(May 30th, 2016) The Group of Seven (G7) leaders agreed on May 26 at their summit in Japan on the need to send a strong message to China about its maritime claims in the western Pacific, where an increasingly aggressive China has territorial disputes with Japan and several Southeast Asian nations. China has been seizing and militarizing some disputed islands and reefs in the region and threatening nations in the region that have challenged the seizures.
“Prime Minister (Shinzo) Abe led a discussion on the current situation in the South China Sea and East China Sea. Other G7 leaders said it is necessary for G7 to issue a clear signal,” Japan’s Deputy Chief Cabinet Secretary Hiroshige Seko told reporters after a session on foreign policy.
At a news conference late on Wednesday, Mr. Abe said that Japan welcomed China’s peaceful rise. But he repeated Tokyo’s opposition to acts aimed at changing the status quo by force and urging respect of the rule of law.
Chinese Foreign Ministry spokeswoman Hua Chunying retorted in Beijing that the South China Sea issue had “nothing to do” with the G7 or any of its members.
“China is resolutely opposed to individual countries hyping up the South China Sea for personal gain,” she said.
U.S. President Obama called on China to resolve maritime disputes peacefully and he reiterated that the United States was concerned about freedom of navigation and overflights in the region, through which 30 percent of world trade passes.
(May 30th, 2016) China has played down the U.S. decision to lift a decades-old ban on sales of arms to Vietnam because it is trying to avoid worsening relations already strained by Chinese military expansionism in the South China Sea.
On May 24, a day after U.S. President Obama expressed his desire for closer U.S. economic and military ties with Vietnam, the vice foreign ministers of China and Vietnam met in a Chinese border province to discuss their relationship.
“China and Vietnam are friendly neighbors connected by mountains and rivers,” said Chinese Foreign Ministry spokeswoman Hua Chunying at a news conference. China, Ms. Hua said, is willing to work with Vietnam to implement a range of legal agreements “to elevate boundary management and cooperation.”
That suggests that Beijing wants to reassure the Vietnamese that the two communist nations should put their shared interests above their dispute over who owns what in the South China Sea, especially as the Obama administration offers more support to Association of Southeast Asian Nations countries worried about China’s expansionism.

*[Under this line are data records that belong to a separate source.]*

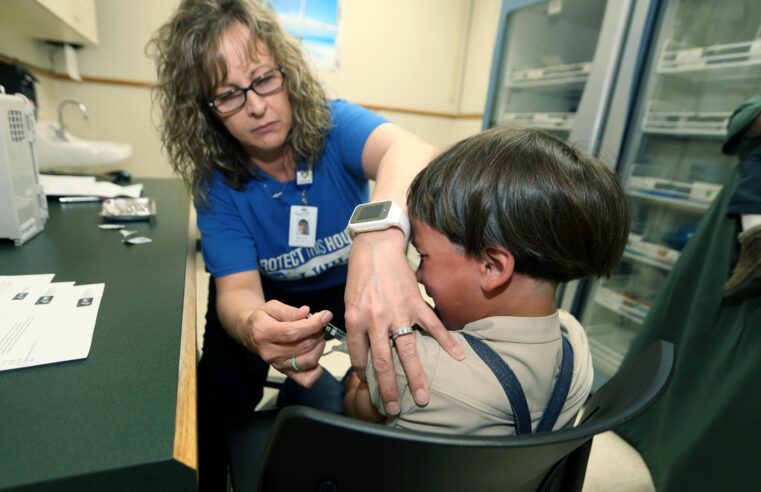 OMS, CDC: Una cifra récord de 40 millones de niños no se vacunan contra el sarampión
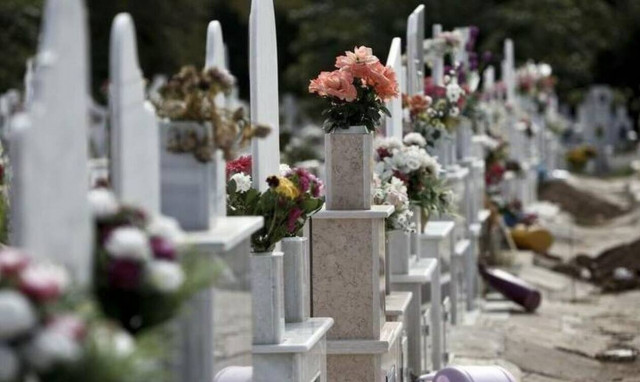 Ελευθερούπολη: Άνοιξαν τάφο και έκλεψαν από μέσα τον νεκρό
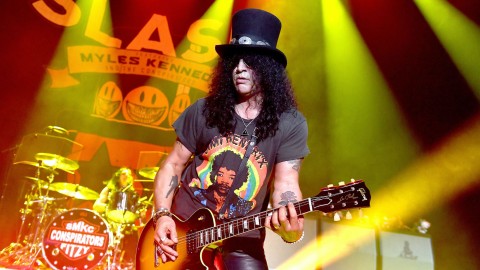 Guns N’ Roses’ Slash celebrates 15 years of sobriety: “Proud of you every day”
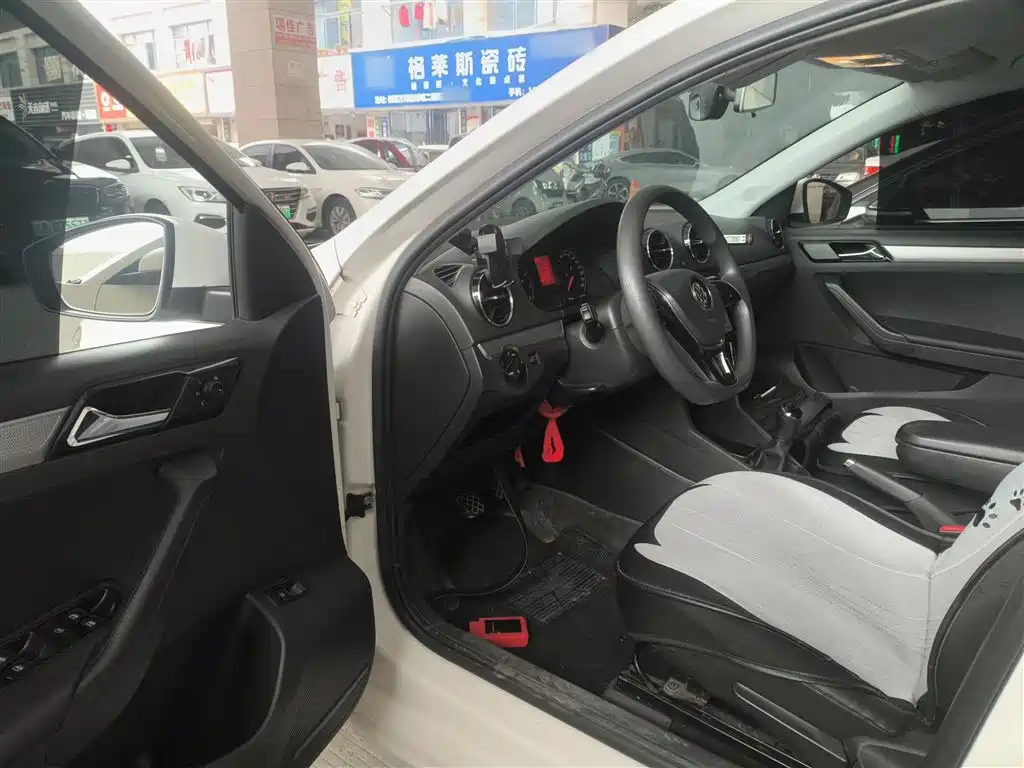 Volkswagen Jetta 2017 1.5L Manual Comfort фото 12
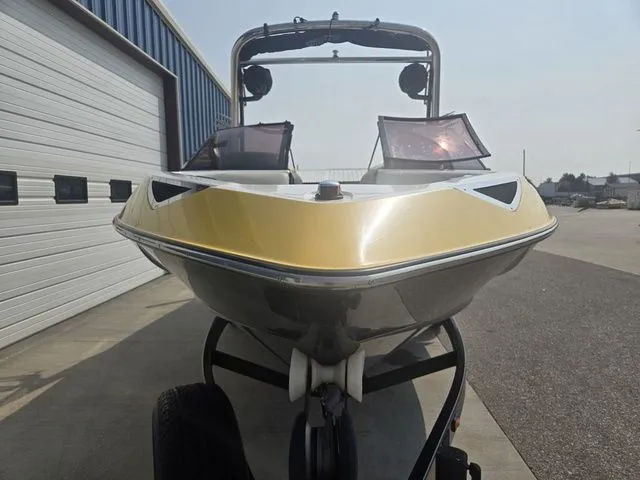 Slide: The Image of Malibu Wakesetter 23 LSV 2012 - 62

The leaders of the Group of Seven industrialized democracies agreed May 26 to help the middle class worldwide, by spurring economic growth, fighting corruption and clamping down on international tax evasion by the rich.
The agreement was reached during the first session of the G7 summit in Japan.
“We had discussion on the world economy and agreed that the world economy is facing . . . a major risk,” Japanese Prime Minister Shinzo Abe told reporters after the session.
To cope with that risk, the G7 members agreed to compile a set of economic measures to be called the Ise-Shima Economic Initiative, named for the location of the summit.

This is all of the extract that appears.